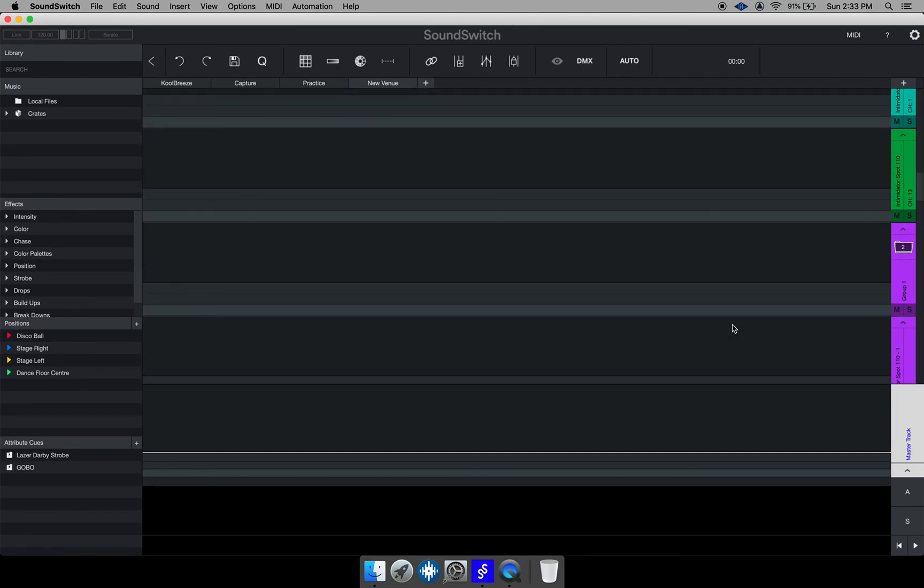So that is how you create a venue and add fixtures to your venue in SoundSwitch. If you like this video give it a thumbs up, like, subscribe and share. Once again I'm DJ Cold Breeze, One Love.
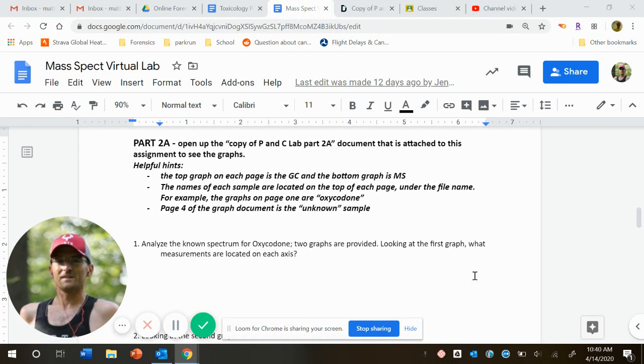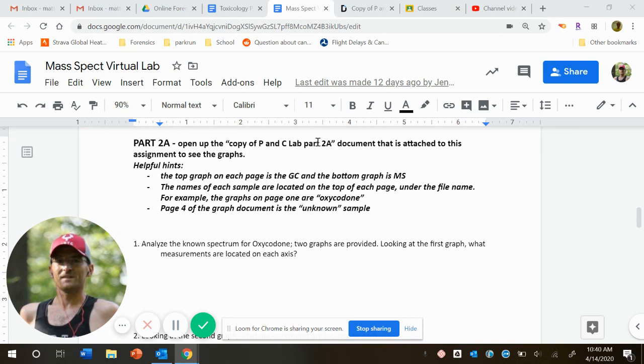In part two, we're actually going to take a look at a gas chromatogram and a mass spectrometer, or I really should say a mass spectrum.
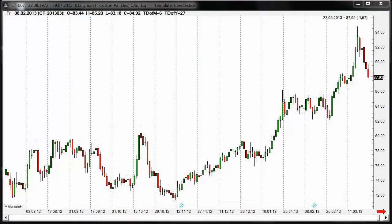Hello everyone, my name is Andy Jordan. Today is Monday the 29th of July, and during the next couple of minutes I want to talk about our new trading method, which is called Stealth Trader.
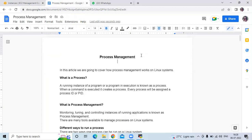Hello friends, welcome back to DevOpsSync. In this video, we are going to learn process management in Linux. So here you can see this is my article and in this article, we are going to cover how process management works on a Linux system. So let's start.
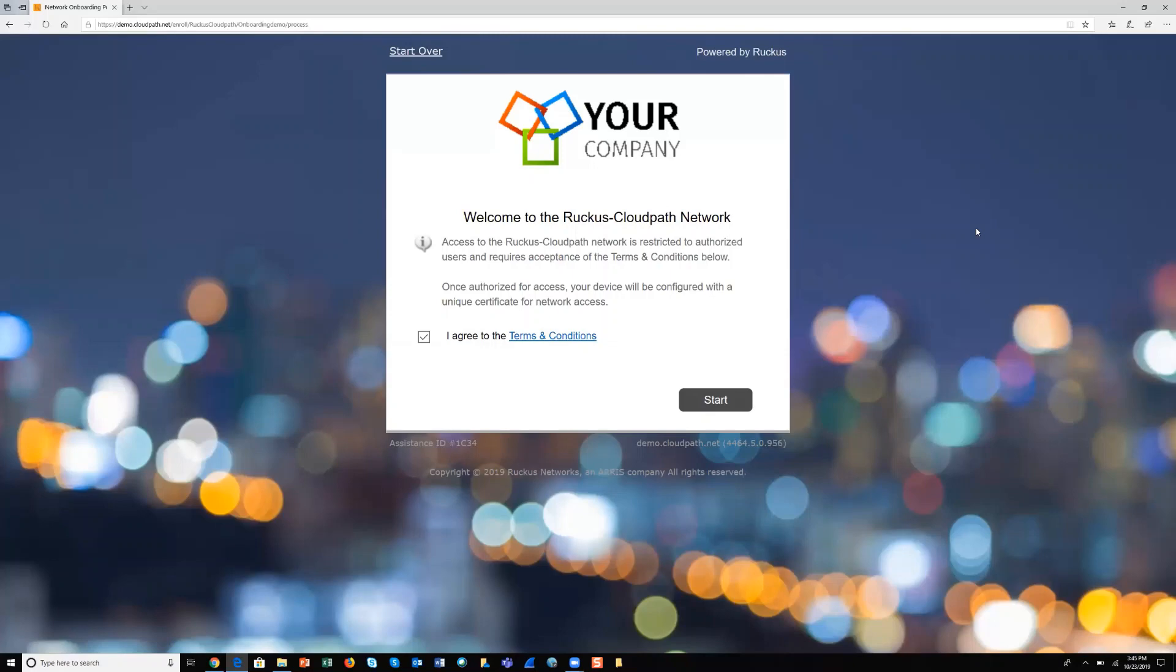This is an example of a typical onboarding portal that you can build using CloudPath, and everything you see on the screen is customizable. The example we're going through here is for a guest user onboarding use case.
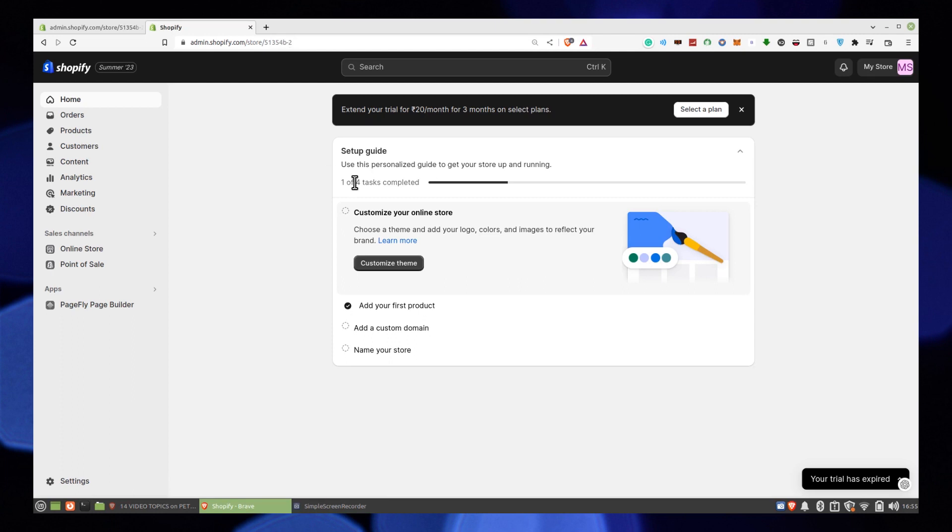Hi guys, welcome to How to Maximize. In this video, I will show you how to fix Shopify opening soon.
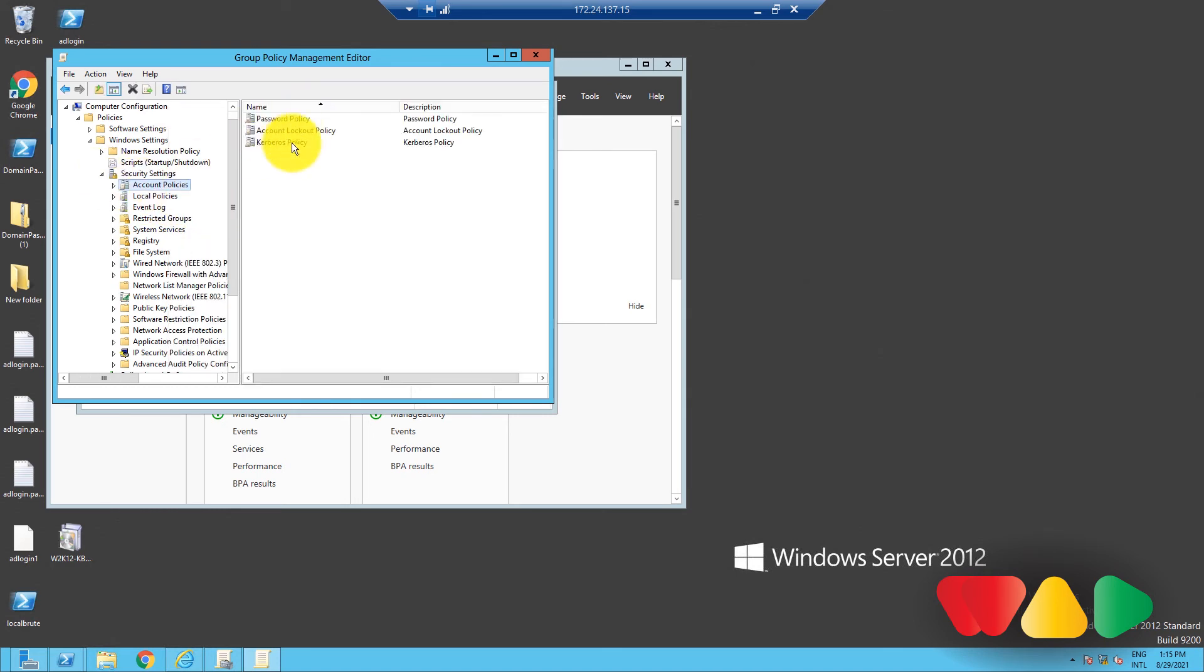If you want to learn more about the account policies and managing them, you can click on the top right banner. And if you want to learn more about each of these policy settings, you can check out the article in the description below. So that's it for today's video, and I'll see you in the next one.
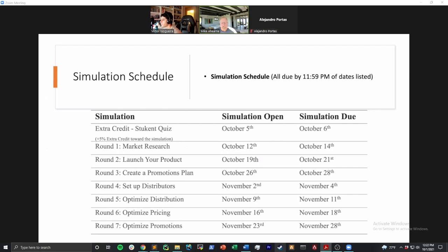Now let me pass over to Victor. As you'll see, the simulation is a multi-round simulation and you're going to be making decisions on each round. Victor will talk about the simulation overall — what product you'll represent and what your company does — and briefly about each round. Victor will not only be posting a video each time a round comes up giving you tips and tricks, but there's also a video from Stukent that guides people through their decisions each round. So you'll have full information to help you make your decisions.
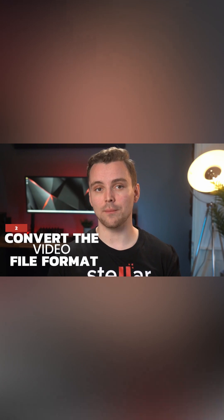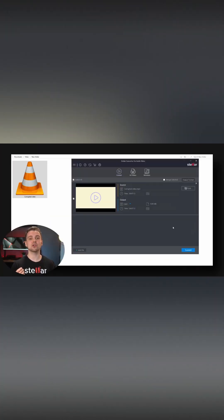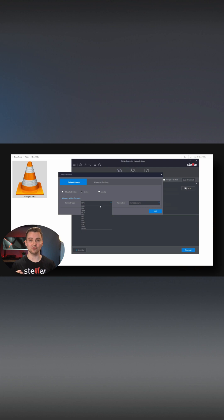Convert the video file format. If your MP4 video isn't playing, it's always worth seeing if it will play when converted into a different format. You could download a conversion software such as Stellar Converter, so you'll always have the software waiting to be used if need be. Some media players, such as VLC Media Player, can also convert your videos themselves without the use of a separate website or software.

• • • •

Exercise description
For this exercise, reproduce exactly the lines of the records above from the one with "Hello friends, welcome" up to and including the one with "Hi guys, welcome", without pictures.

Answer section
Hello friends, welcome back to DevOpsSync. In this video, we are going to learn process management in Linux. So here you can see this is my article and in this article, we are going to cover how process management works on a Linux system. So let's start.
This is an example of a typical onboarding portal that you can build using CloudPath, and everything you see on the screen is customizable. The example we're going through here is for a guest user onboarding use case.
Hi guys, welcome to How to Maximize. In this video, I will show you how to fix Shopify opening soon.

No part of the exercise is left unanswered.